What exactly is “big data”? Two interesting posts on the definition. First Andrew Brust on ZDNet offers a common definition:
Big Data is about the technologies and practice of handling data sets so large that conventional database management systems cannot handle them efficiently, and sometimes cannot handle them at all.
?He goes on to note that the term “Big Data” is entrenched, even if the definition is not settled. He also mentions the terms business intelligence, decision support, and data mining.

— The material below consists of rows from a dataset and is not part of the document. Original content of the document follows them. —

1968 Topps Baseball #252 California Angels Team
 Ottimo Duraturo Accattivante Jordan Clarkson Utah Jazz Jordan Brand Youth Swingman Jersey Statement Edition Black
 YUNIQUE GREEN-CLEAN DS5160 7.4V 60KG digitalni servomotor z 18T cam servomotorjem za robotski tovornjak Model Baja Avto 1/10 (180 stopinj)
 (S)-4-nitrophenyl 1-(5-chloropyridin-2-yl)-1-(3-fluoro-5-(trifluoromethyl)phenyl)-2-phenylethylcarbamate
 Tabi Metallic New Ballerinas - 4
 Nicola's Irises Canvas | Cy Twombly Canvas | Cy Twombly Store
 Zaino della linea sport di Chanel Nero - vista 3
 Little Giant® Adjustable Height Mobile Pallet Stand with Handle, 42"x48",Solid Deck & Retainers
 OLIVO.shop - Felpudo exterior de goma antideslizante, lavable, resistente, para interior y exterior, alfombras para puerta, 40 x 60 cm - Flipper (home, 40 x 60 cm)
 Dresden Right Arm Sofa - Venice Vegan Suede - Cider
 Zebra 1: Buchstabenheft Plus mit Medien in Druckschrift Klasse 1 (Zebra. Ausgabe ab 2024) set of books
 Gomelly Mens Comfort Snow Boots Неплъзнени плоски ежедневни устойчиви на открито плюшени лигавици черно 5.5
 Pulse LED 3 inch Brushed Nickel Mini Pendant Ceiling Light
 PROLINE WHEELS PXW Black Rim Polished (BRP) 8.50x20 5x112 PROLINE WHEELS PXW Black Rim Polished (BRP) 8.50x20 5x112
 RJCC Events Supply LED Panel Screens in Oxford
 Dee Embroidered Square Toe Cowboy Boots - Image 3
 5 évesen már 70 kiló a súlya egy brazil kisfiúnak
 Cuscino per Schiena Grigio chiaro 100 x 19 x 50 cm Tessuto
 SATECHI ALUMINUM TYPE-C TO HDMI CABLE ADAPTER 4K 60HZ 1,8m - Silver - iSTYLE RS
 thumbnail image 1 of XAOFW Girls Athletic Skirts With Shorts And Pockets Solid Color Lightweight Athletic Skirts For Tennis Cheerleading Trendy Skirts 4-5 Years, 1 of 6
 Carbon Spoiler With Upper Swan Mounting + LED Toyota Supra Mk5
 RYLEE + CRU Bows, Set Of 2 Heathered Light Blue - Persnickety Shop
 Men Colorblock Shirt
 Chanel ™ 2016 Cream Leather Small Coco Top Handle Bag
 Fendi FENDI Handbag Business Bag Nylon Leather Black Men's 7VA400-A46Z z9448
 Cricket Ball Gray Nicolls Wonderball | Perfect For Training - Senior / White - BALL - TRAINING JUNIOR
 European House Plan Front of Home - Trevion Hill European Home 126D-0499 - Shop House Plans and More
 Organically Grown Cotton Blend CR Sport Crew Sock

Now the second article… Robert Hilliard of Deloitte in an article It’s Time for a new definition of Big Data, notes that
[Wikipedia defines Big Data in this way] “In information technology, big data consists of datasets that grow so large that they become awkward to work with using on-hand database management tools”. This approach to describing the term constrains the discussion of big data to scale and fails to realise the key difference between regular data and big data.
Hilliard goes on to make two points:
- Someetimes big data is small: If you had 100K sensors on an airplane and each took a reading every second for a 1 hour flight, you have big data but it is only 3GB of data. So common database and storage technology would work for this.
- Large datasets are actually small: If you look at someting like telephone calls or internet connections, there is a lot of data, but it is quite structured and simple to parse using RDBMS (database technology).
?He then makes the critical point: Big data is more about the complexity of the data sets, especially as large numbers of discrete data points interact.
For me, I think big data has to do with data sets so large and intricate that it’s difficult to get meaning out of the data in a reasonable time frame to act on it. In short, as the quantity of data goes up, the ability to analyze and understand it at a deep level often decreases. What do you think?